● **PROBLEM DESCRIPTION**: Your output should be the lines below from the one with "Finland, sedel 100 markkaa 1957" through the one with "plan itinéraire ratp de Stalingrad à Porte d", copied exactly, pictures excluded.

● **LISTED ENTRIES**:
##########

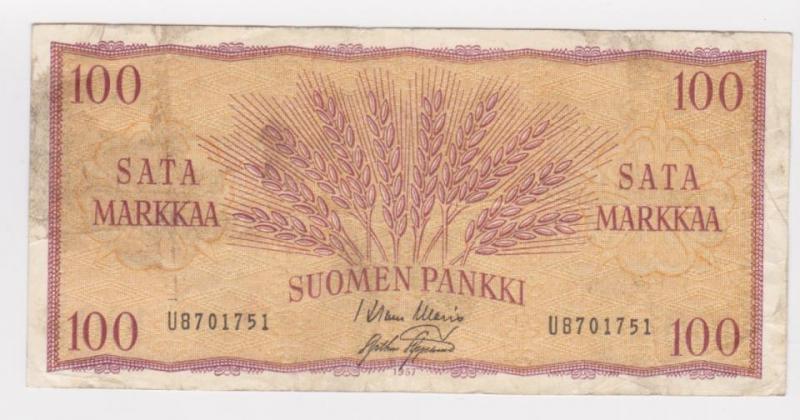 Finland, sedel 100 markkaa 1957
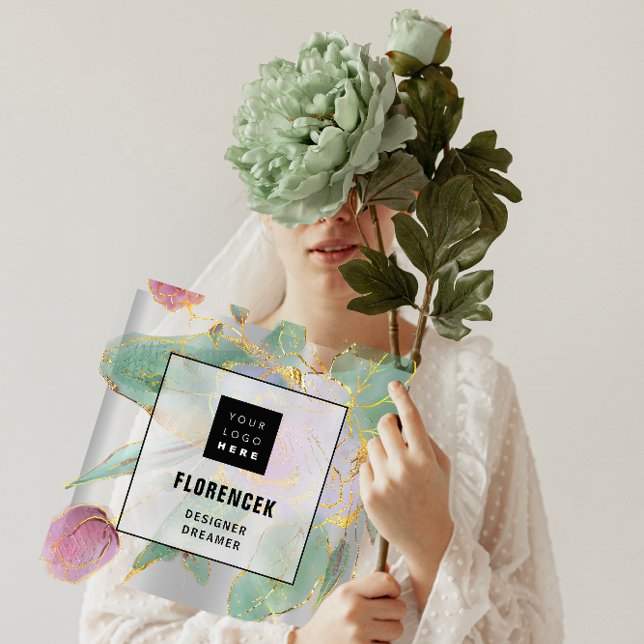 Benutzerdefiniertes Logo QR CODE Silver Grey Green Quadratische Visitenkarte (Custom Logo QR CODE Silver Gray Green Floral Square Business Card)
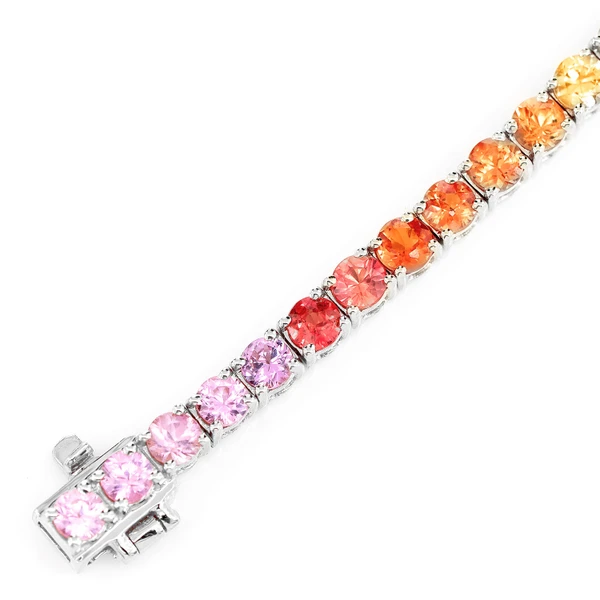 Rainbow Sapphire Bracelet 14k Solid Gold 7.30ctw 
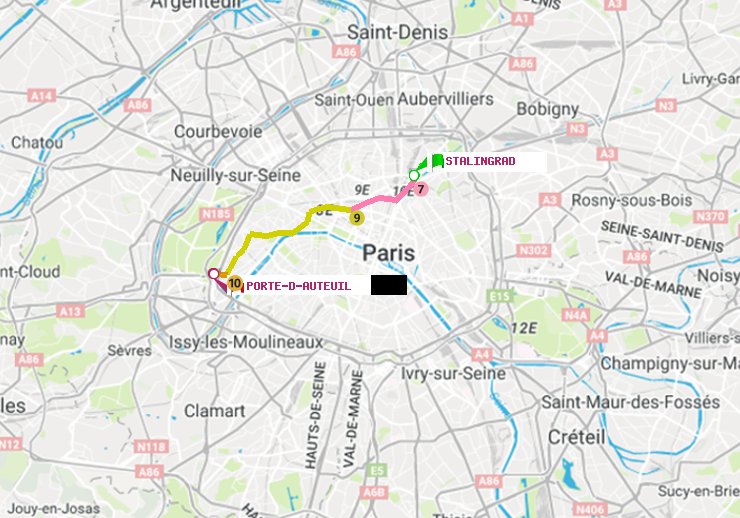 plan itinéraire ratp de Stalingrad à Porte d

##########

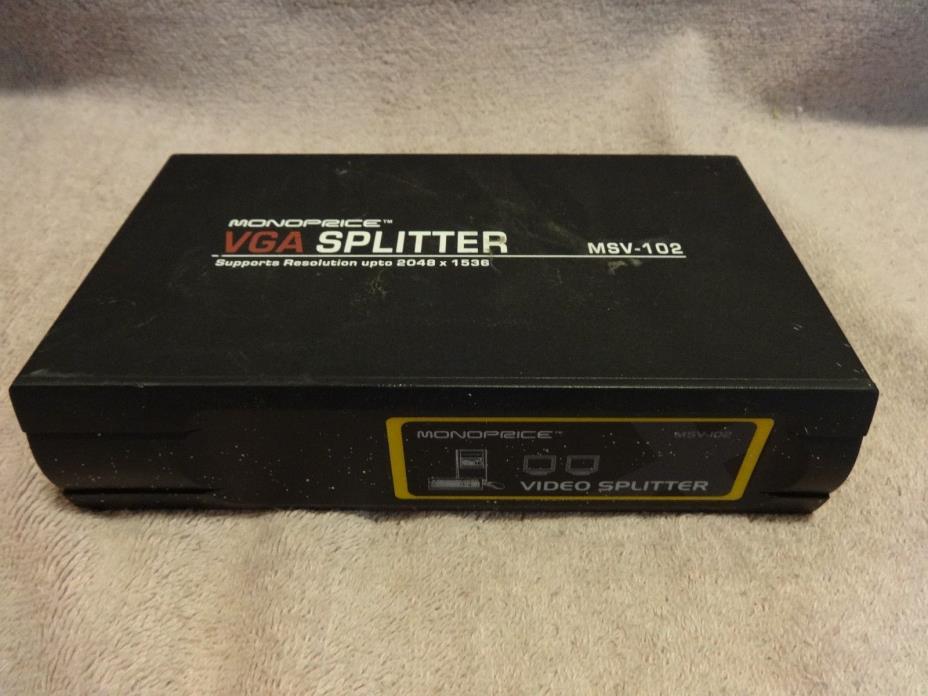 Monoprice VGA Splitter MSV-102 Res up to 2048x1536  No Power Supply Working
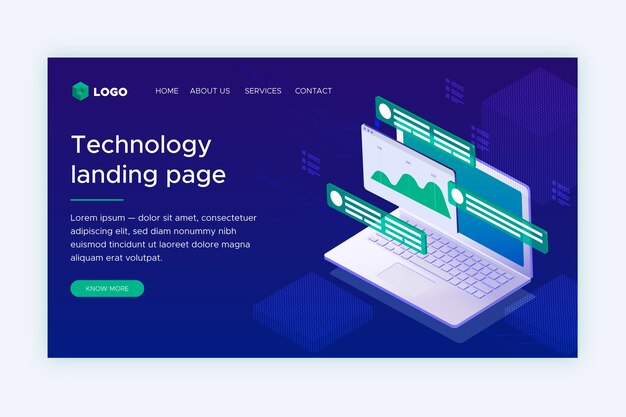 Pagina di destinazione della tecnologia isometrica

##########

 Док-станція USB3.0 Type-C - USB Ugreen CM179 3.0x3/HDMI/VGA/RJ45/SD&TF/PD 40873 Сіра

##########

● **REPLY TO THE EXERCISE**:
 Finland, sedel 100 markkaa 1957
 Benutzerdefiniertes Logo QR CODE Silver Grey Green Quadratische Visitenkarte (Custom Logo QR CODE Silver Gray Green Floral Square Business Card)
 Rainbow Sapphire Bracelet 14k Solid Gold 7.30ctw 
 plan itinéraire ratp de Stalingrad à Porte d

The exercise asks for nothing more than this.